→ AVAILABLE DATA:
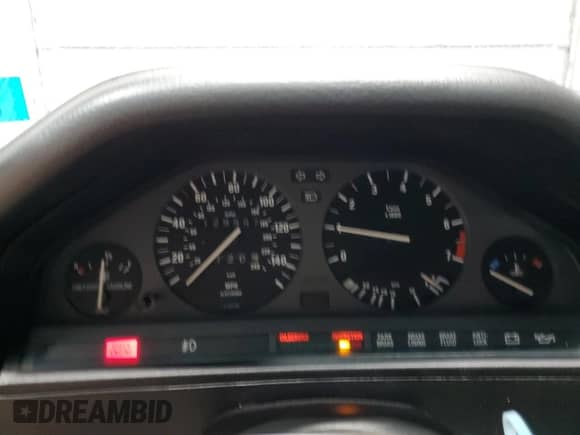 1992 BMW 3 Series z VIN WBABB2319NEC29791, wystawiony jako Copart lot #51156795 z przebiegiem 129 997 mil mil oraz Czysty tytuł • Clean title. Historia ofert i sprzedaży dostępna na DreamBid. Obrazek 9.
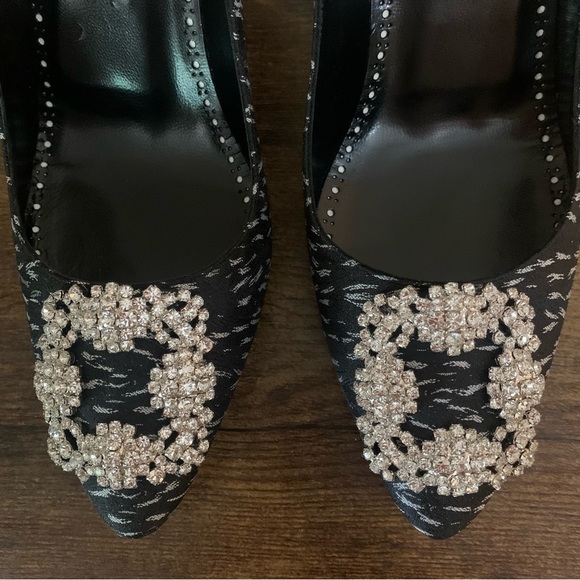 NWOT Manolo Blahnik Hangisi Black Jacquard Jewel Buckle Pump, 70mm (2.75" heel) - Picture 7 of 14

---

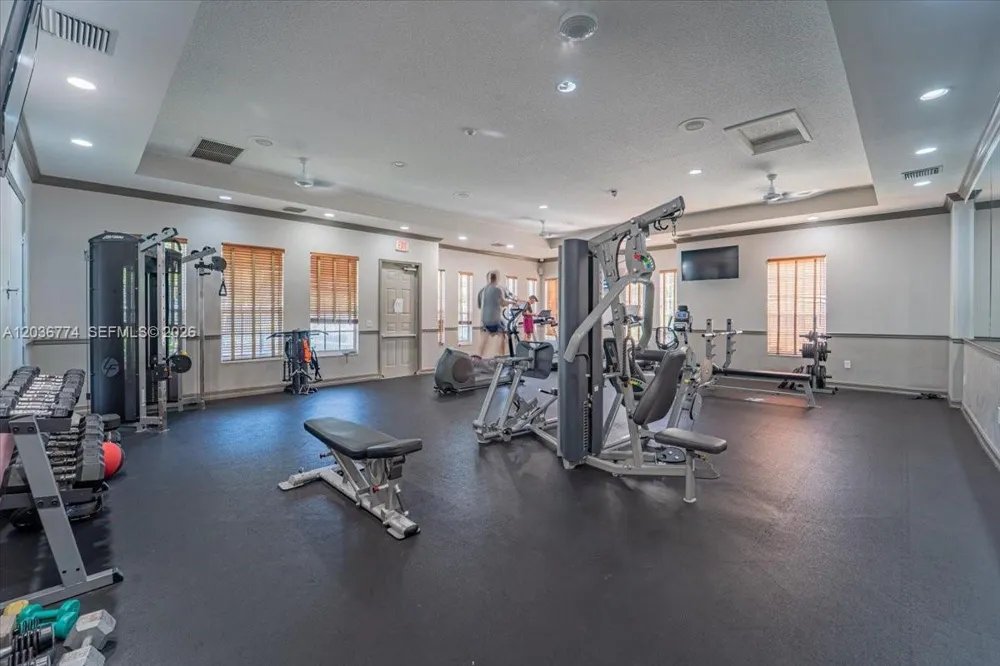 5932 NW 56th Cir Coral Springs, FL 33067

→ WORK ORDER:
The answer is the lines of the material above, from the one containing "1992 BMW 3 Series" down to the one containing "NWOT Manolo Blahnik", given exactly and without images.

→ THE COMPLETED TASK:
 1992 BMW 3 Series z VIN WBABB2319NEC29791, wystawiony jako Copart lot #51156795 z przebiegiem 129 997 mil mil oraz Czysty tytuł • Clean title. Historia ofert i sprzedaży dostępna na DreamBid. Obrazek 9.
 NWOT Manolo Blahnik Hangisi Black Jacquard Jewel Buckle Pump, 70mm (2.75" heel) - Picture 7 of 14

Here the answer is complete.